*INSTRUCTIONS FOR THE TASK*: From the listing below, give again exactly the lines from the line with "Foto de FORD" to the line with "iPhone 16 Pro Max 9", ends included, without any pictures.

*SUPPLIED MATERIAL*:
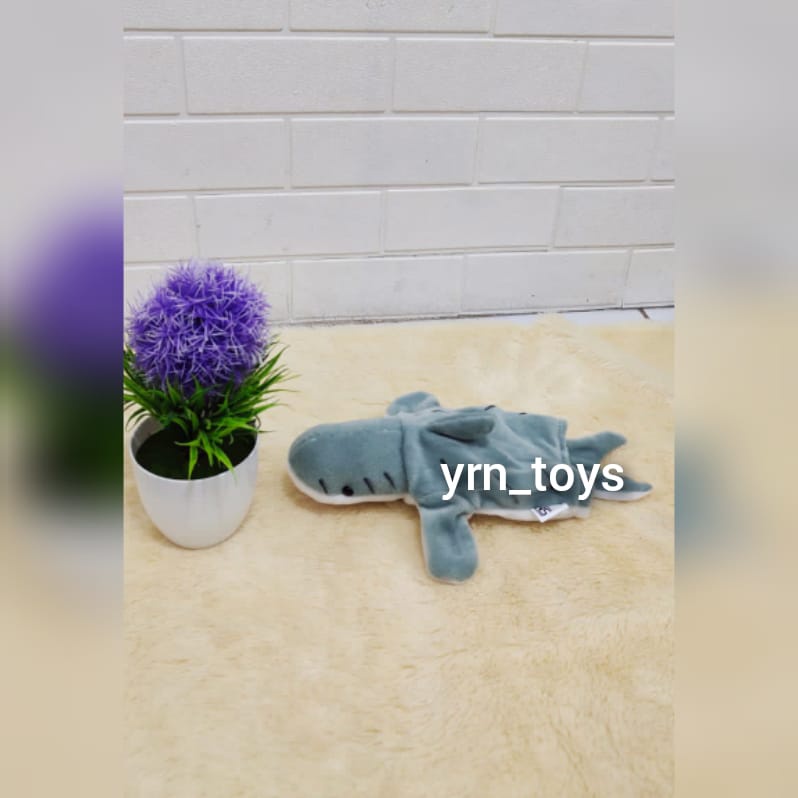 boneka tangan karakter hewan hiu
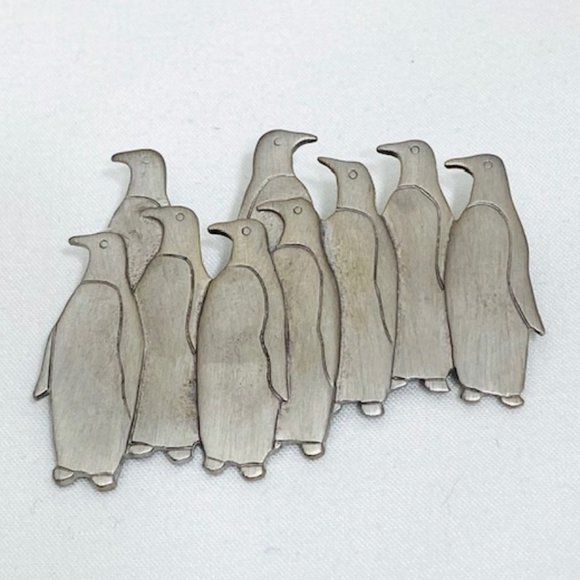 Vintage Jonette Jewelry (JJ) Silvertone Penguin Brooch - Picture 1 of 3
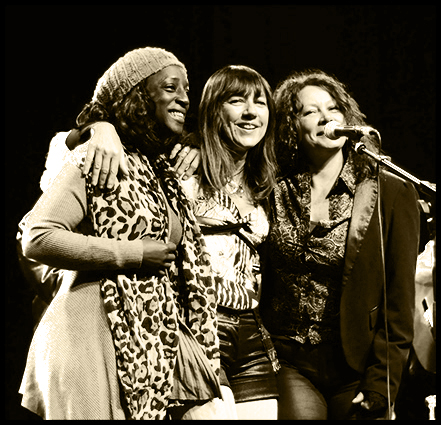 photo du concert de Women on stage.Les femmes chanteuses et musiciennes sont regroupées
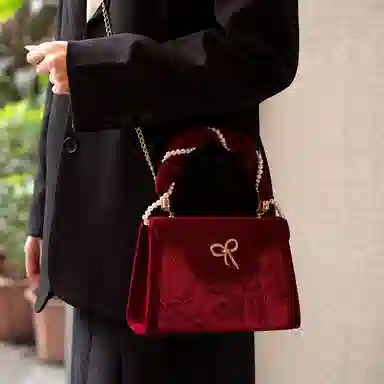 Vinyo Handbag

==

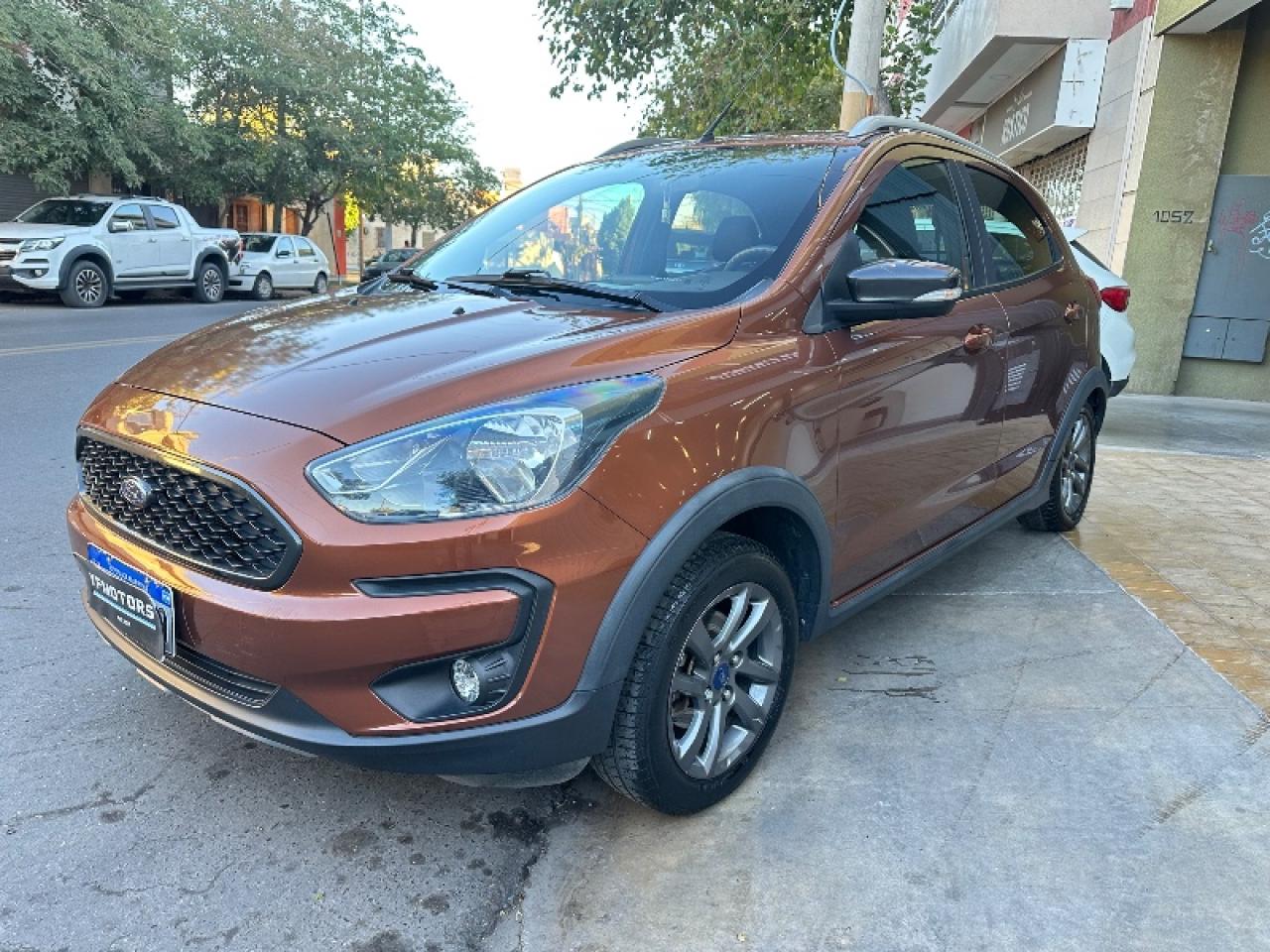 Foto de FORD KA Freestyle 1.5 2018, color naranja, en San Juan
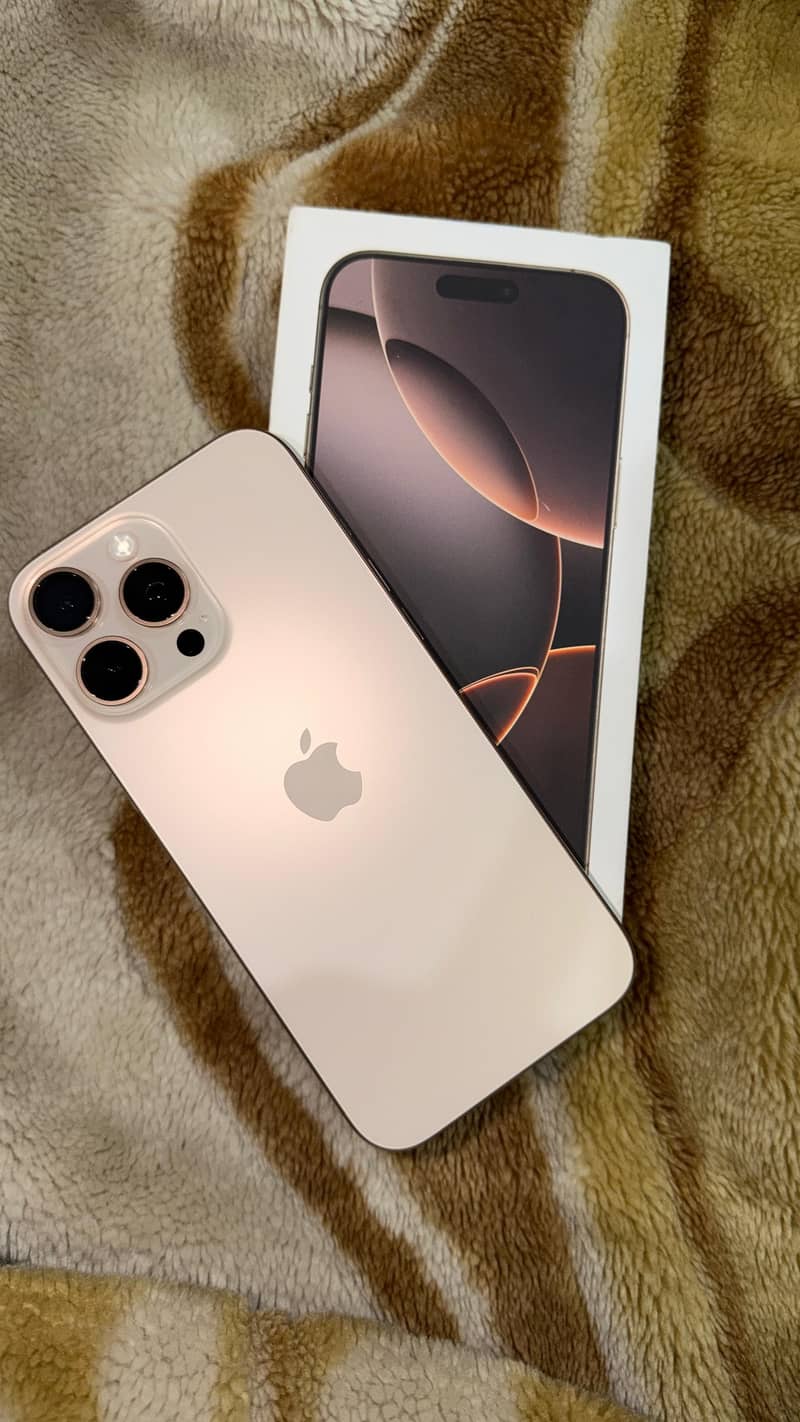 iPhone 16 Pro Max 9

---

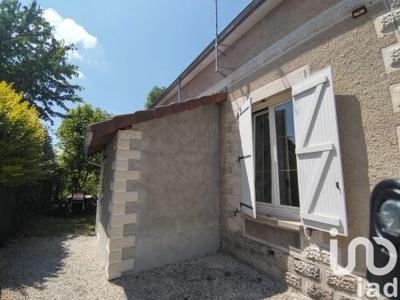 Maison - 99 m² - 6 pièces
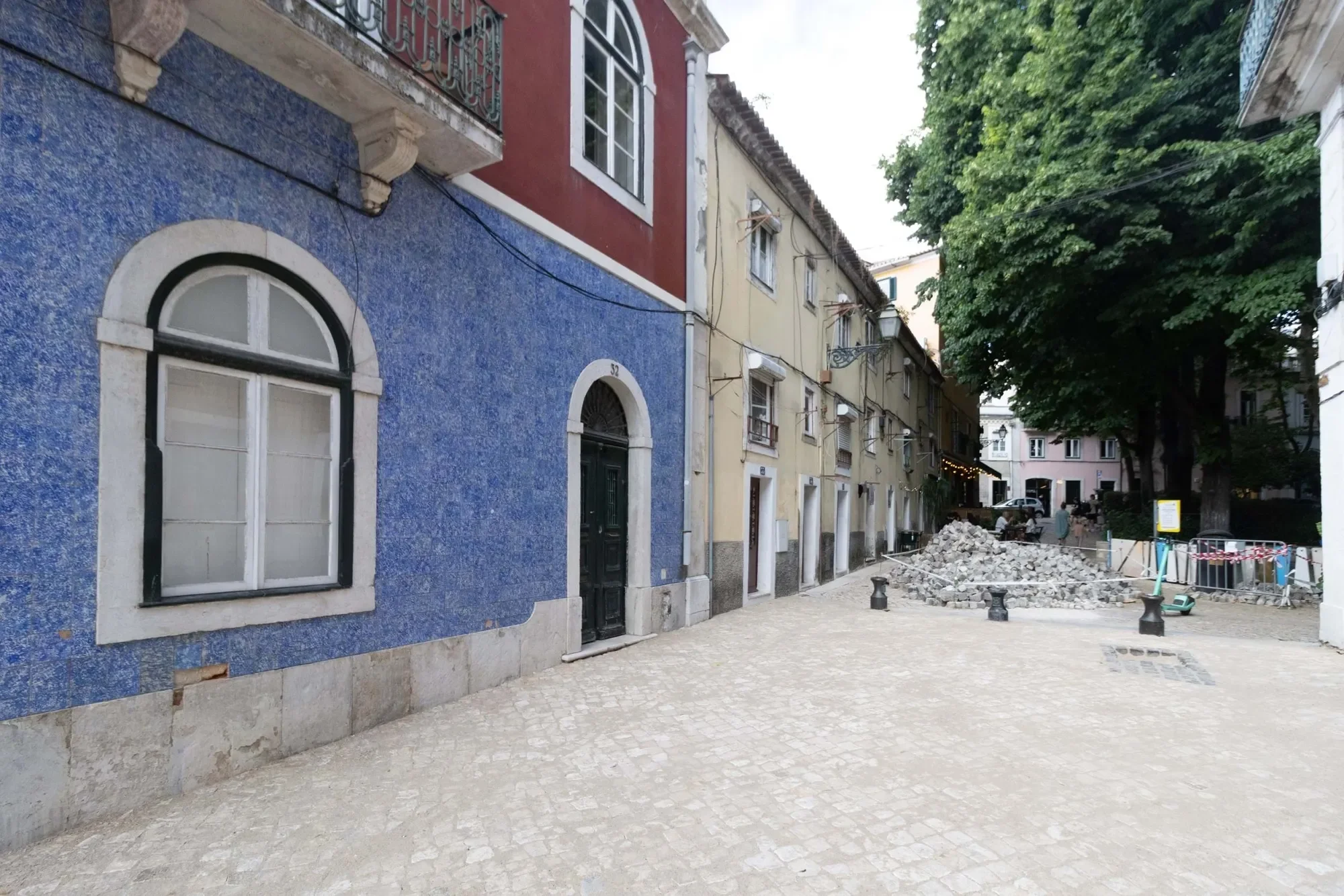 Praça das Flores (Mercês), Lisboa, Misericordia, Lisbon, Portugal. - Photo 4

*RESPONSE*:
 Foto de FORD KA Freestyle 1.5 2018, color naranja, en San Juan
 iPhone 16 Pro Max 9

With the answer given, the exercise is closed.